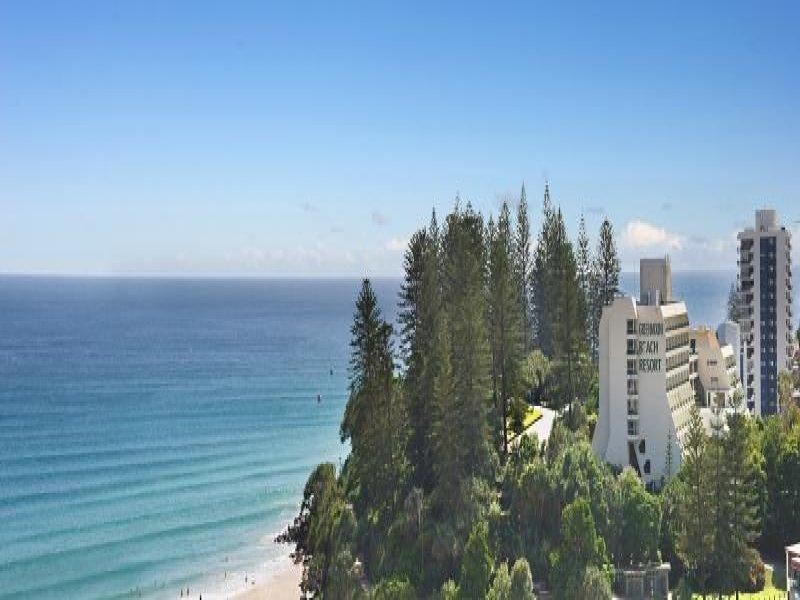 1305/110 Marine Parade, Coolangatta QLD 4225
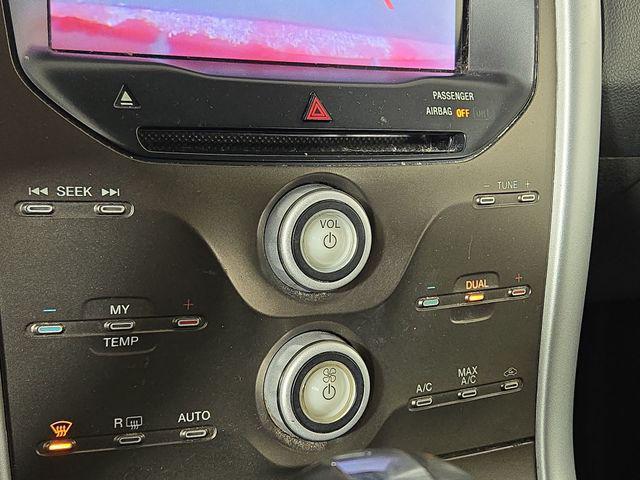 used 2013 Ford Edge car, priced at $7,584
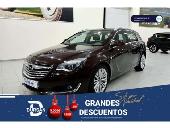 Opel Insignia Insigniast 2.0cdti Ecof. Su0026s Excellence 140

REQUIREMENT
All of the data above needs to be given again exactly. Leave out each image.

WRITTEN RESPONSE
 1305/110 Marine Parade, Coolangatta QLD 4225
 used 2013 Ford Edge car, priced at $7,584
 Opel Insignia Insigniast 2.0cdti Ecof. Su0026s Excellence 140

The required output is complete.